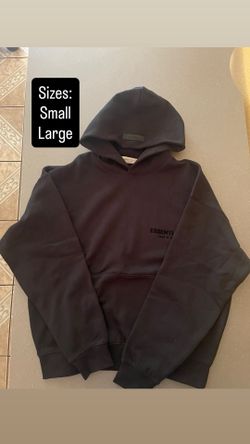 Black Essential Hoddie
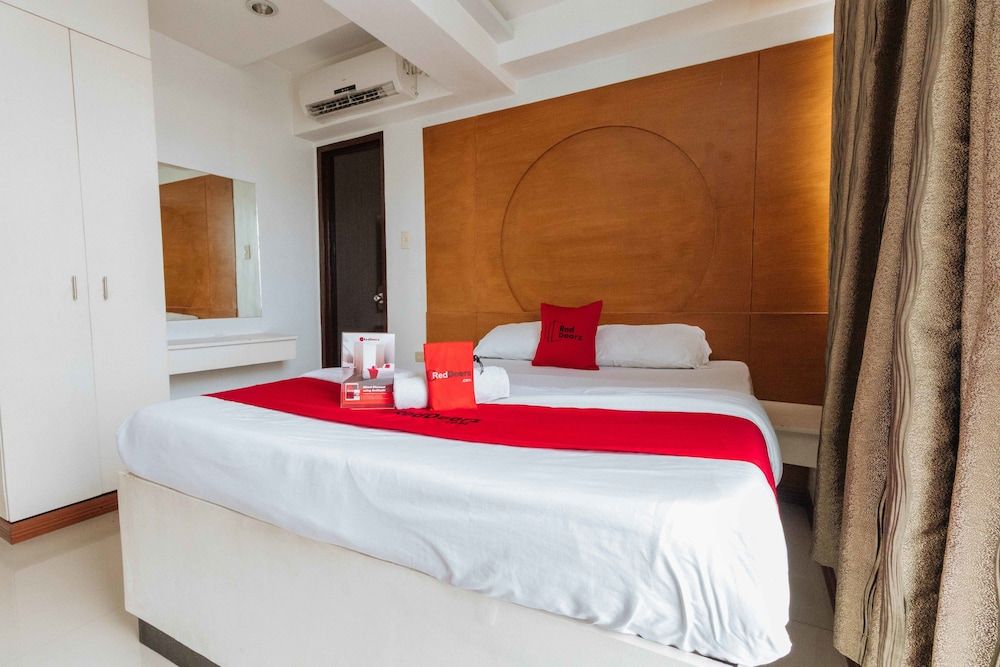 undefined RedDoorz near Bambang Station 2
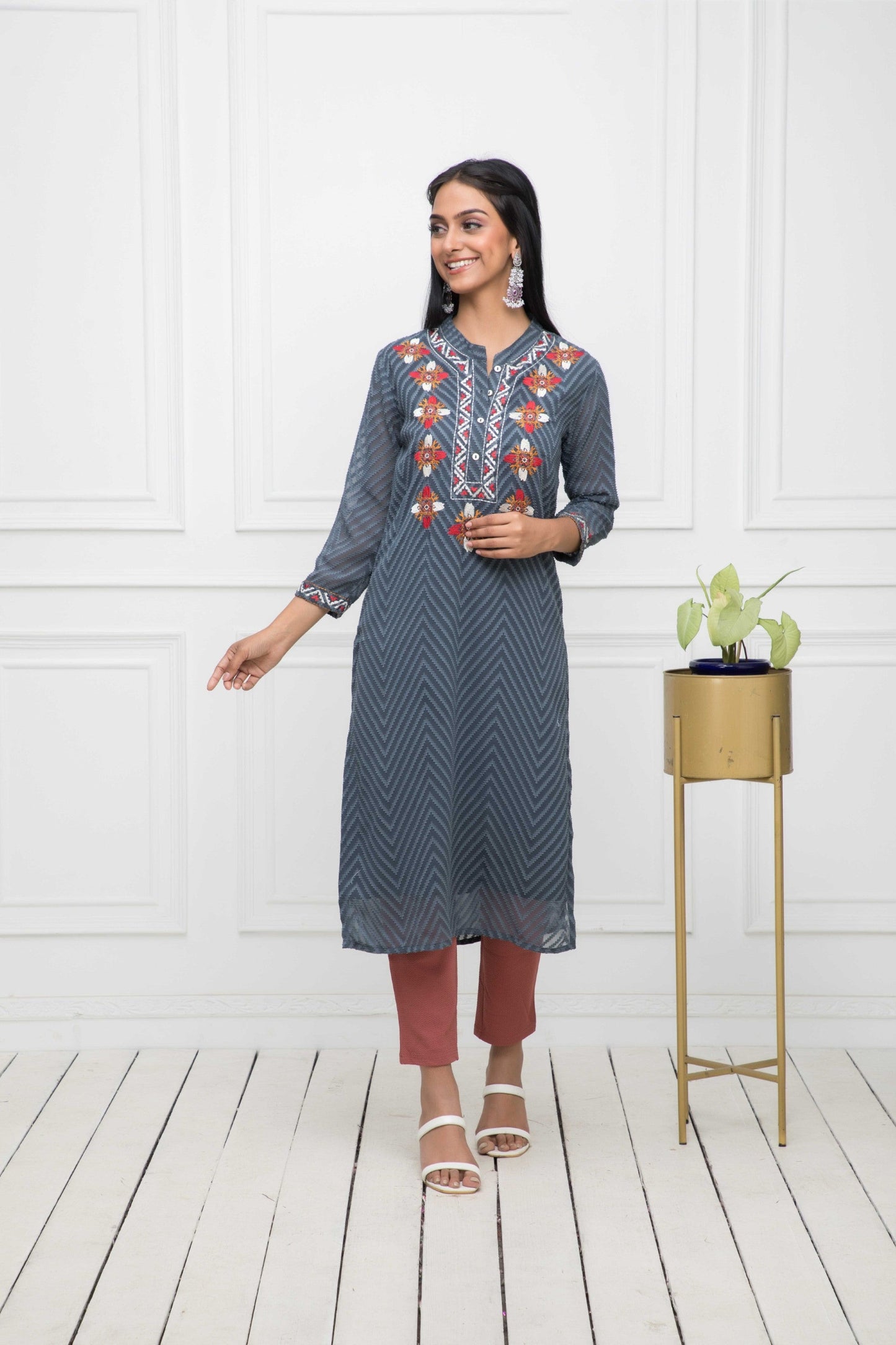 Women's Grey Solid Georgette Straight V-Neck Kurtas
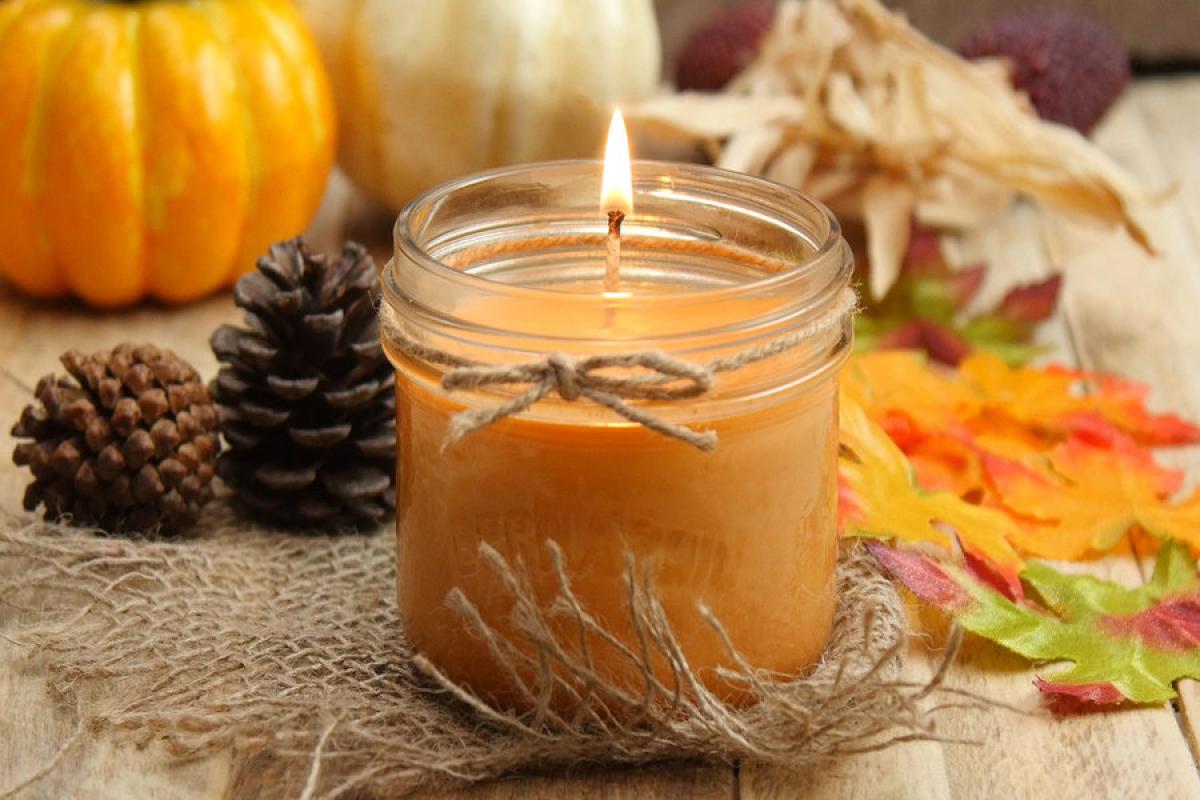 Свещи с аромат на есен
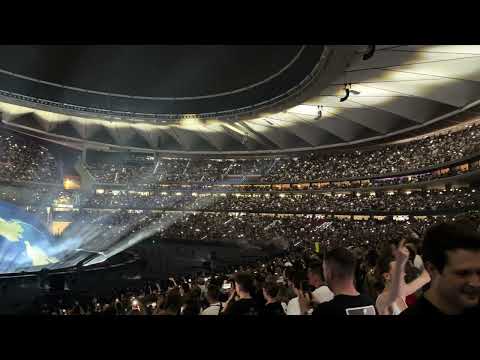 Kanye West - Heartless - Live (Madrid Metropolitano)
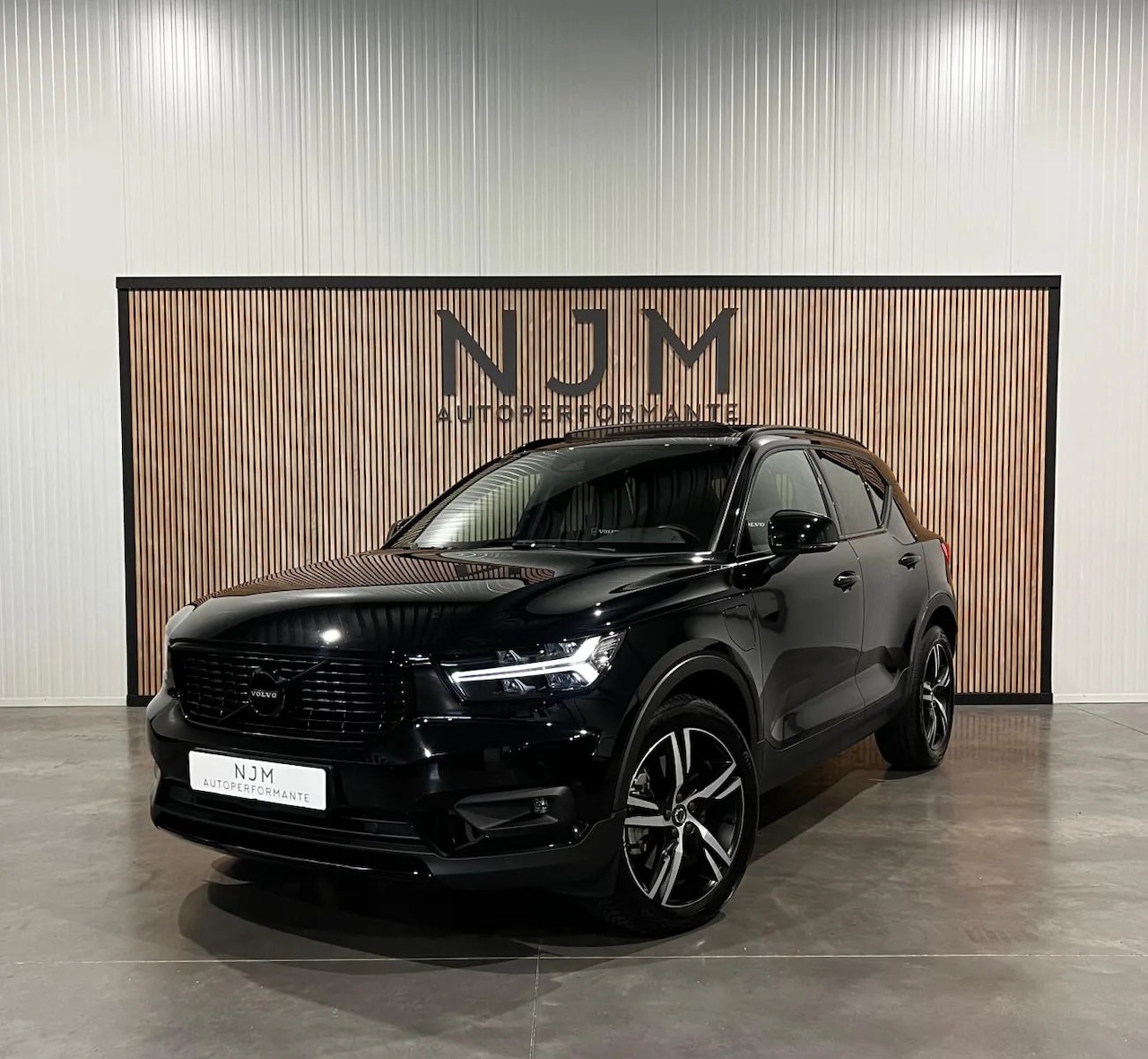 Volvo XC40 - 1.5 T5 Recharge R-Design 1.5 T5 Recharge R-Design - AutoWereld.nl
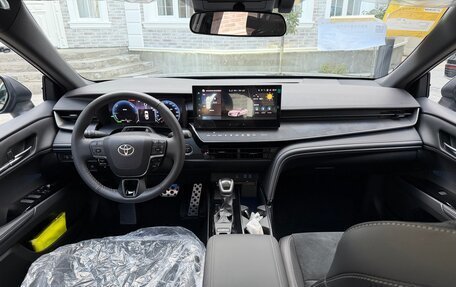 Toyota Camry, 2026 год, 3 920 000 рублей, 10 фотография
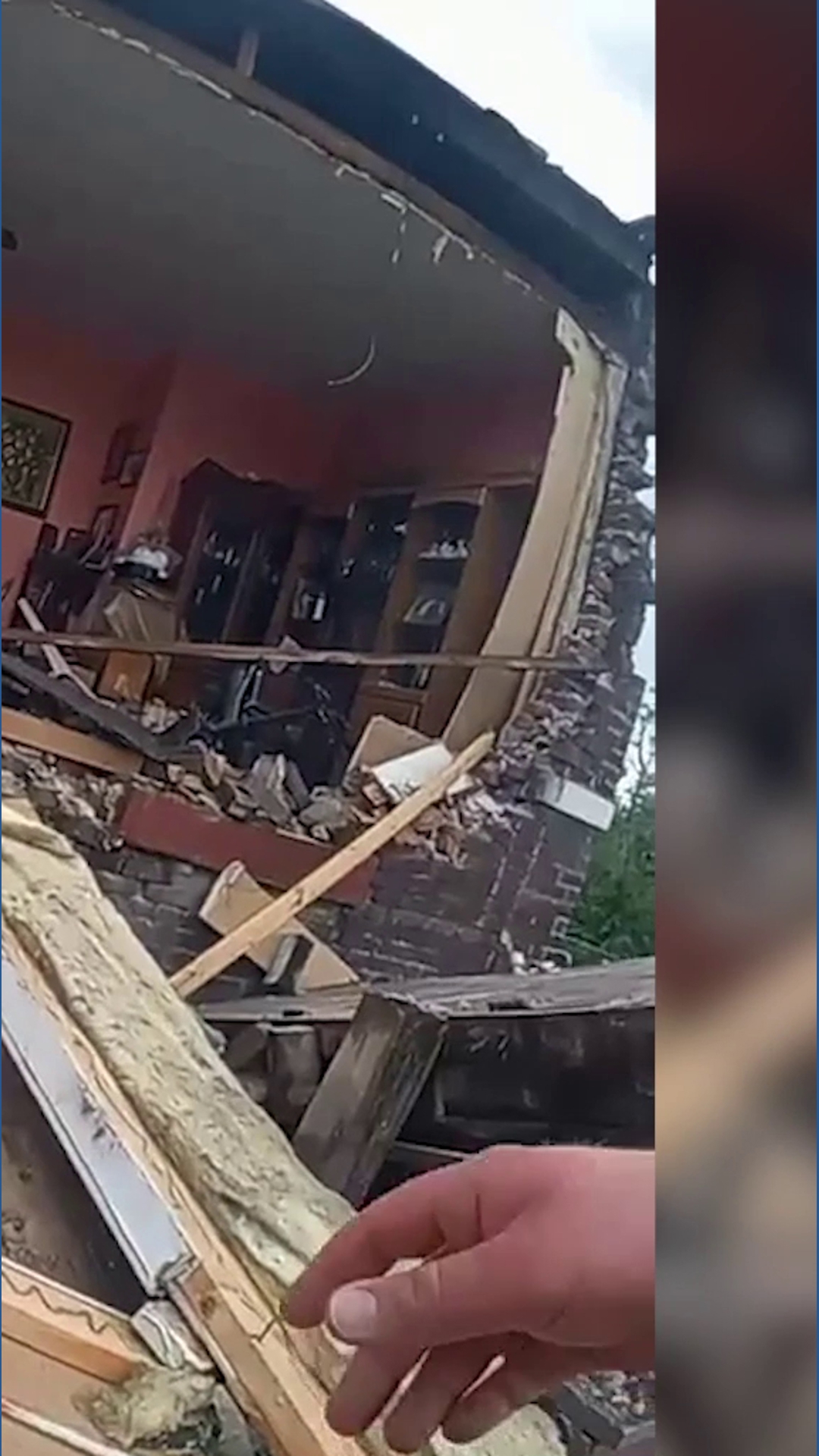 St. Louis tornado: Police release tornado response bodycam video | ksdk.com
---+---
Your goal: Everything from the line containing "Toyota Camry, 2026" through the last line of the entries is to be output exactly as written, minus any pictures.

Response area:
 Toyota Camry, 2026 год, 3 920 000 рублей, 10 фотография
 St. Louis tornado: Police release tornado response bodycam video | ksdk.com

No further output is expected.